Dataset below:
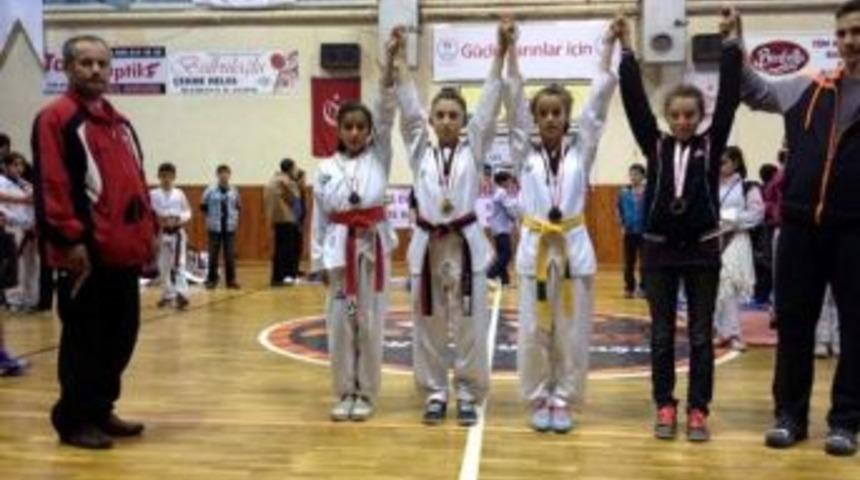 Yıldız Yumruklardan Madalya Yağmuru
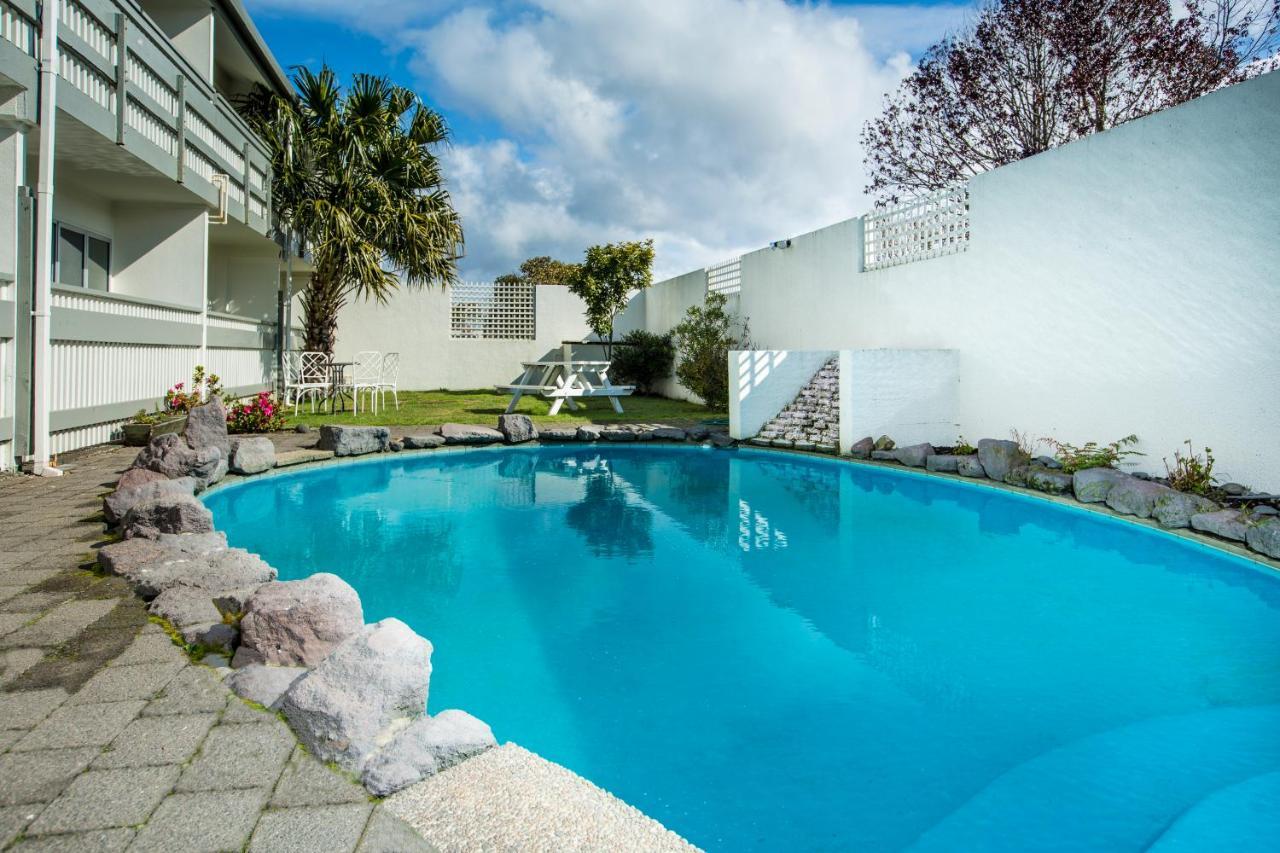 Four Canoes Hotel Rotorua Ngoại thất bức ảnh
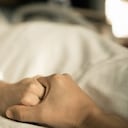 Hombre estadounidense pidió ayuda en una plataforma digital por descubrimiento, tras seis años de matrimonio (imagen de referencia mujer hospitalizada).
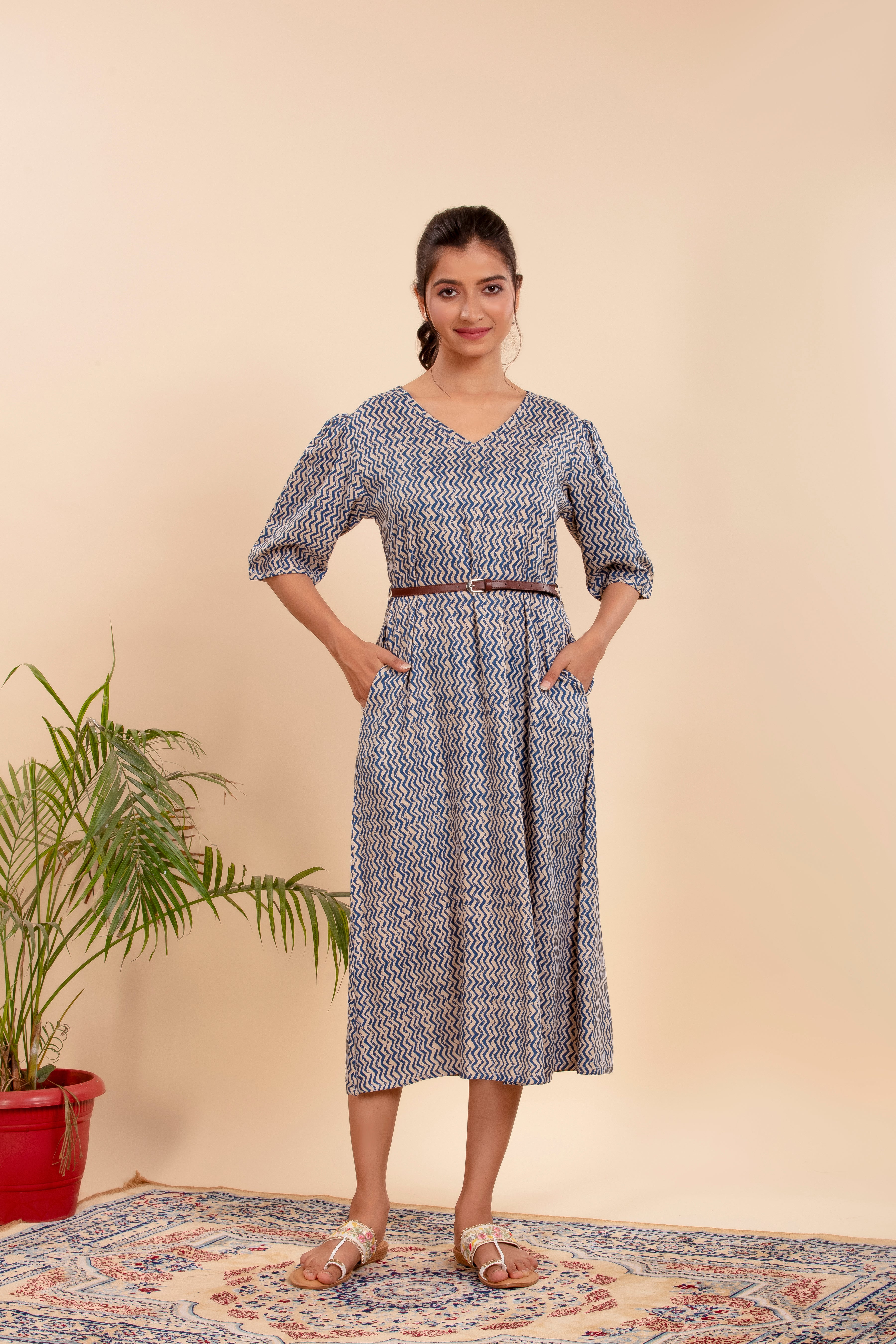 Dress with a Chic Print, Comfy Fit, and a Stylish Waist Belt.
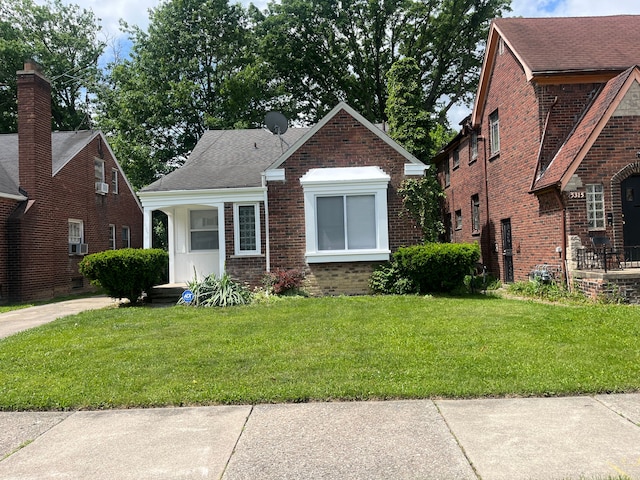 view of front of property featuring a front yard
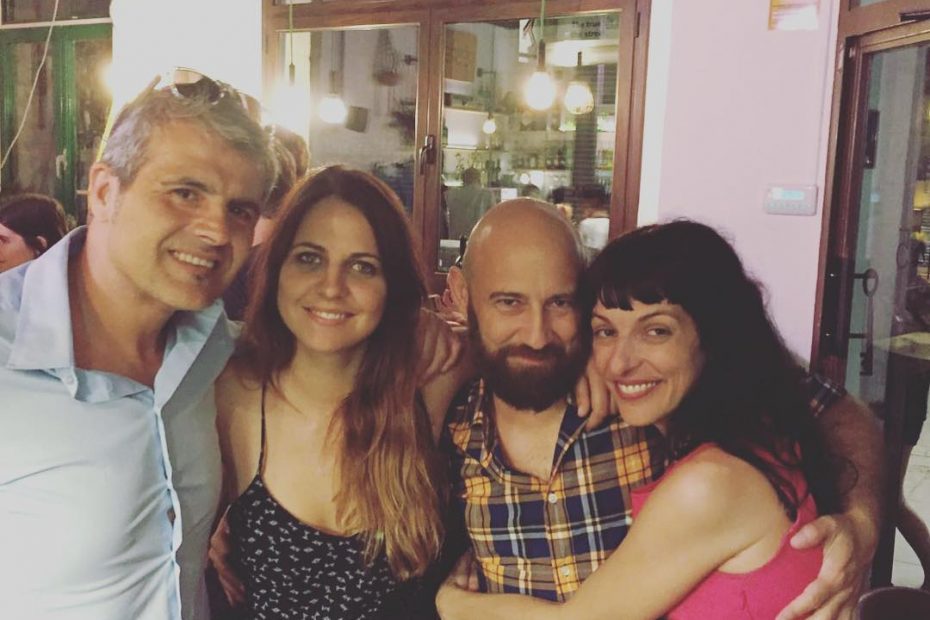 Lidia Guevara con Roser Amills y su novio napolitano Marco
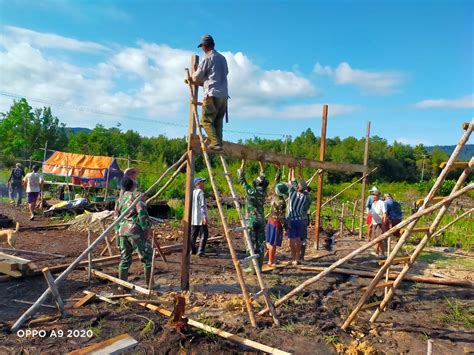 Gotong Royong Pembuatan Rumah Anggota Satgas Yonif 144 JY Bersama Warga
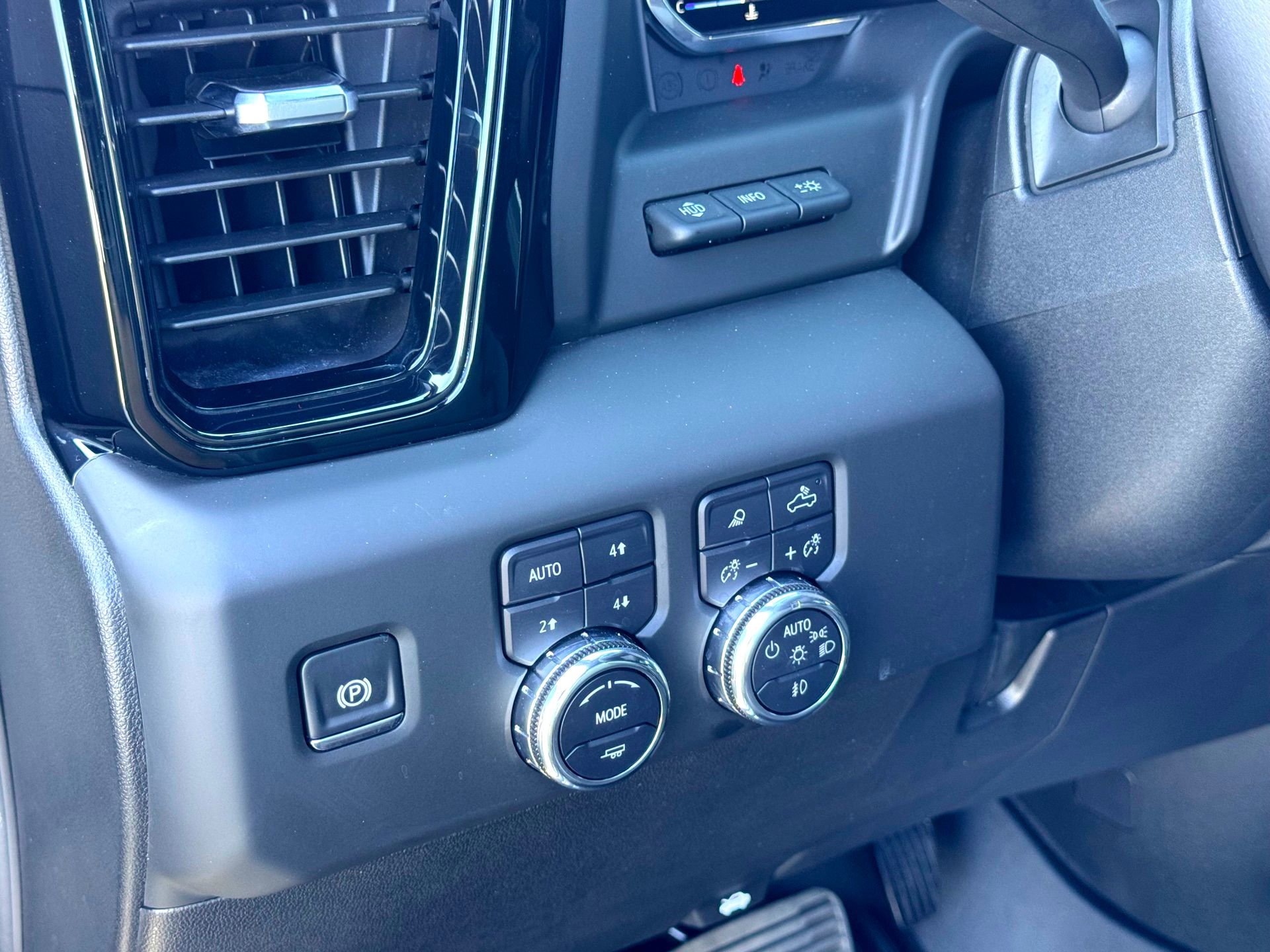 Used 2025 GMC Sierra 2500 AT4X image 15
End of Dataset.
◆ **The task**
Keep the pictures out of the copy and write out the data exactly as it stands.

◆ **Exercise output**
 Yıldız Yumruklardan Madalya Yağmuru
 Four Canoes Hotel Rotorua Ngoại thất bức ảnh
 Hombre estadounidense pidió ayuda en una plataforma digital por descubrimiento, tras seis años de matrimonio (imagen de referencia mujer hospitalizada).
 Dress with a Chic Print, Comfy Fit, and a Stylish Waist Belt.
 view of front of property featuring a front yard
 Lidia Guevara con Roser Amills y su novio napolitano Marco
 Gotong Royong Pembuatan Rumah Anggota Satgas Yonif 144 JY Bersama Warga
 Used 2025 GMC Sierra 2500 AT4X image 15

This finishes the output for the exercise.